▸ **Data excerpts**
========================================================================

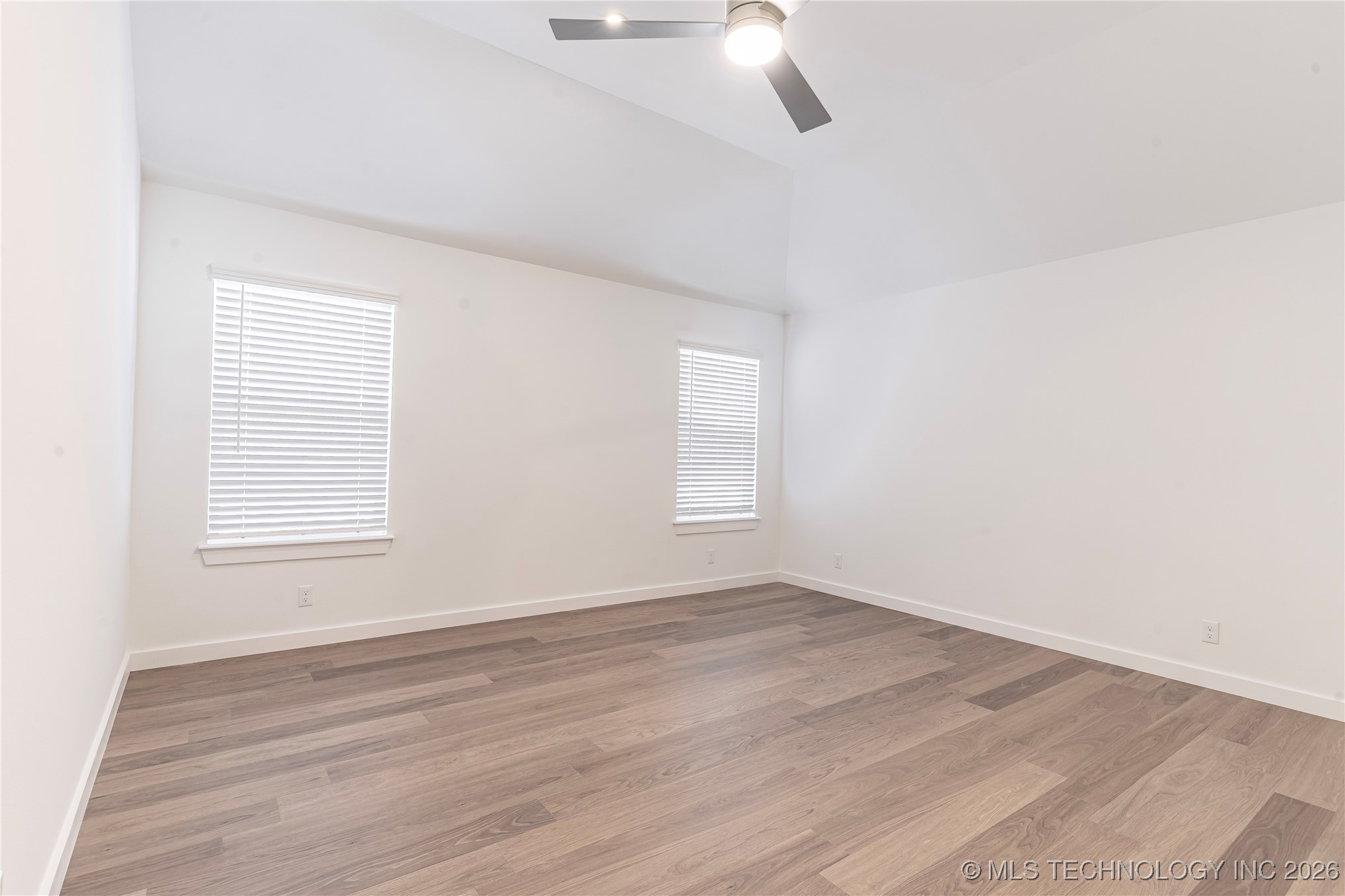 15030 S Poplar Street Property Photo 16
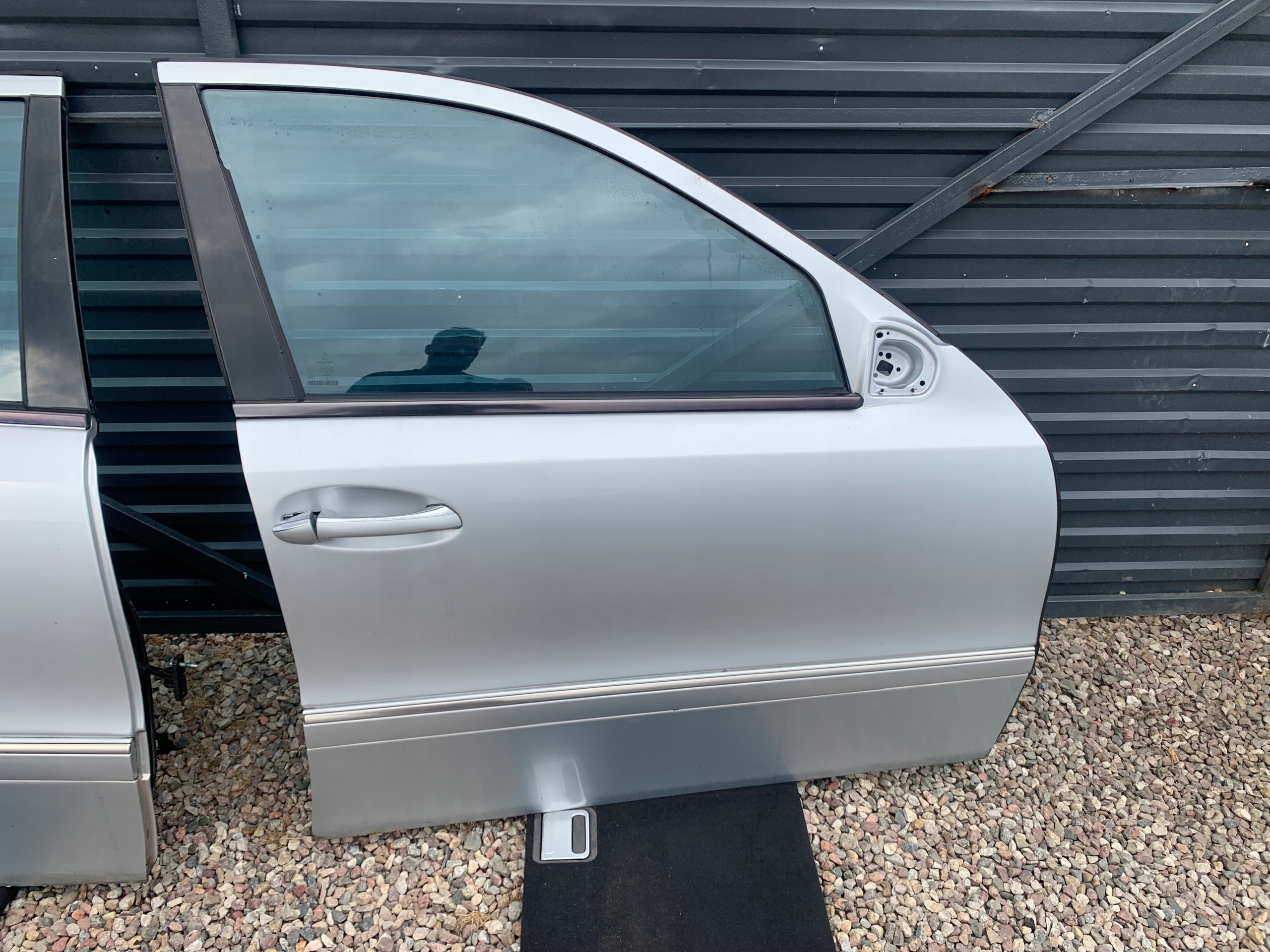 MERCEDES W211 door right PRZO front right 775 C775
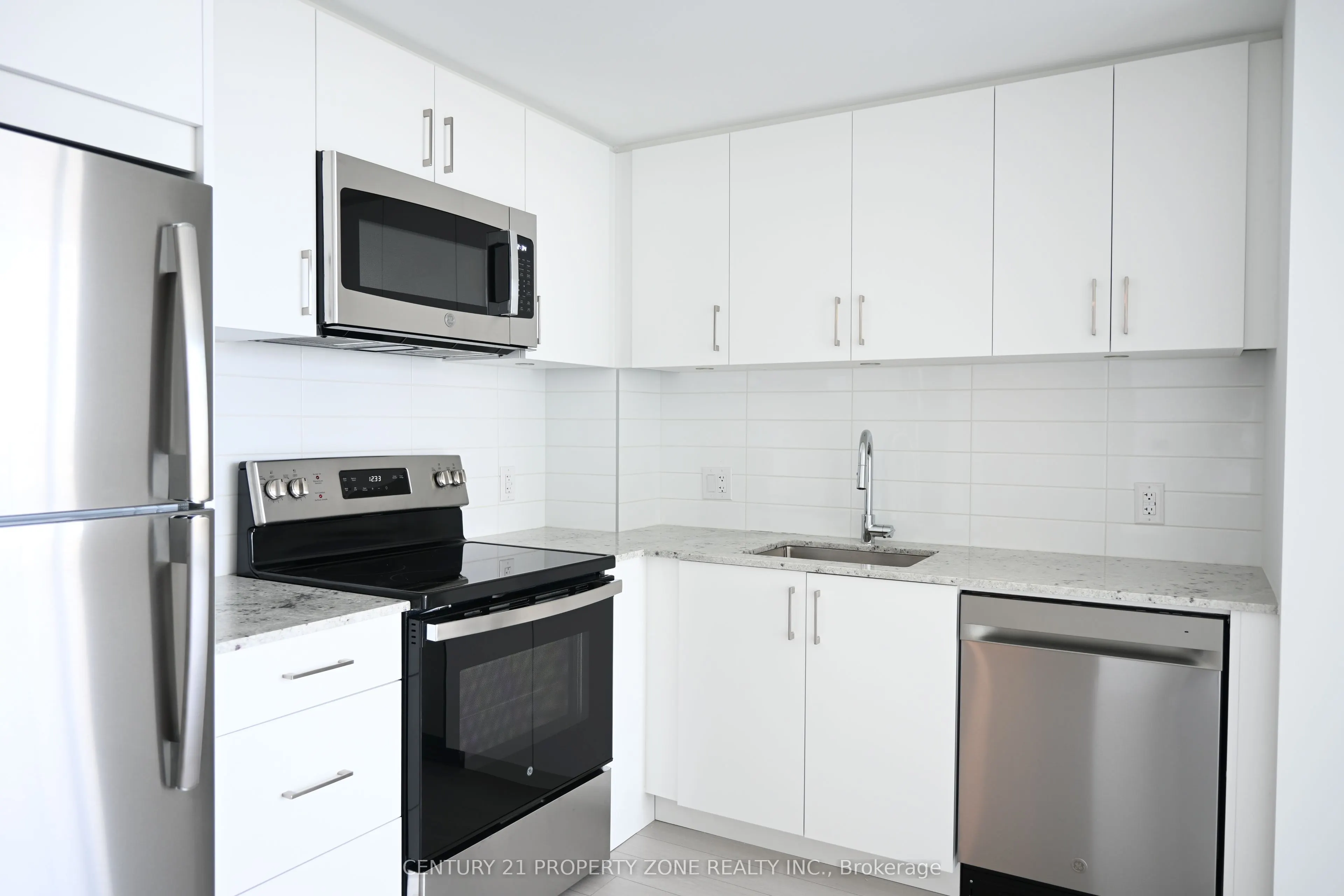 4010 Eglinton Avenue W #2702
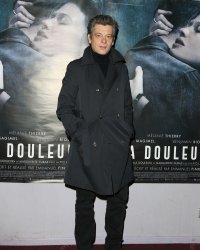 Benjamin Biolay à la rescousse de Laura Smet, attaquée par un fan de Johnny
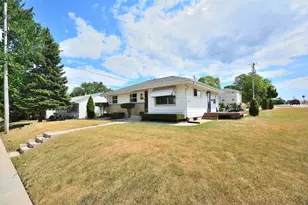 4460 S 21st St, Milwaukee, WI 53221 - Photo 4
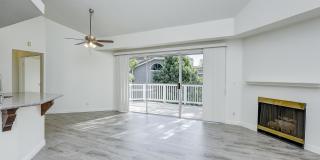 Remodeled 3 Bed Penthouse Condo Gallery 1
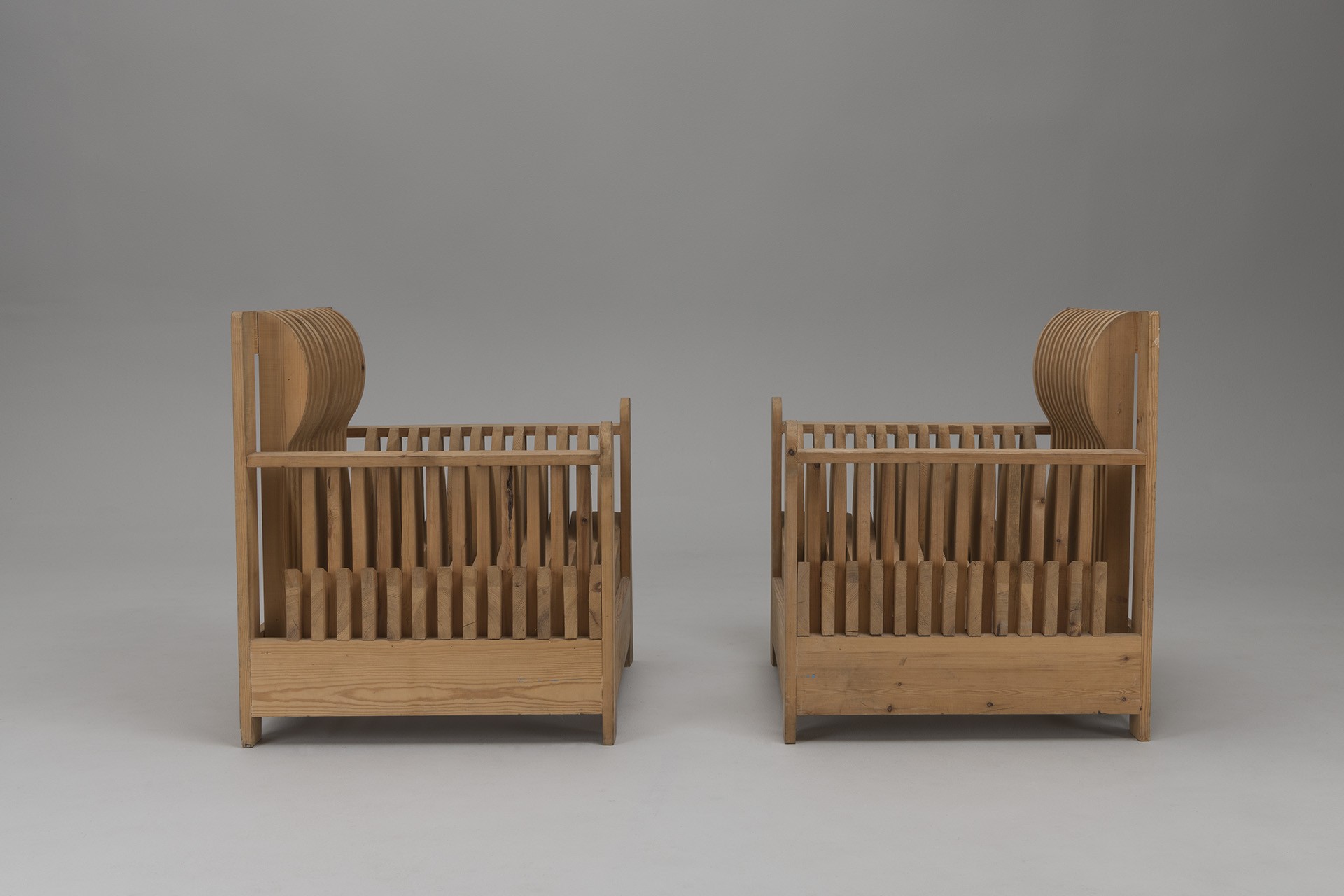 Pair of 'Mobili Nella Valle (Furniture of the Valley)' Lounge Chairs image 3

========================================================================

▸ **Required action**
Give back an exact copy of the material above, omitting the pictures.

▸ **Output of the task**
 15030 S Poplar Street Property Photo 16
 MERCEDES W211 door right PRZO front right 775 C775
 4010 Eglinton Avenue W #2702
 Benjamin Biolay à la rescousse de Laura Smet, attaquée par un fan de Johnny
 4460 S 21st St, Milwaukee, WI 53221 - Photo 4
 Remodeled 3 Bed Penthouse Condo Gallery 1
 Pair of 'Mobili Nella Valle (Furniture of the Valley)' Lounge Chairs image 3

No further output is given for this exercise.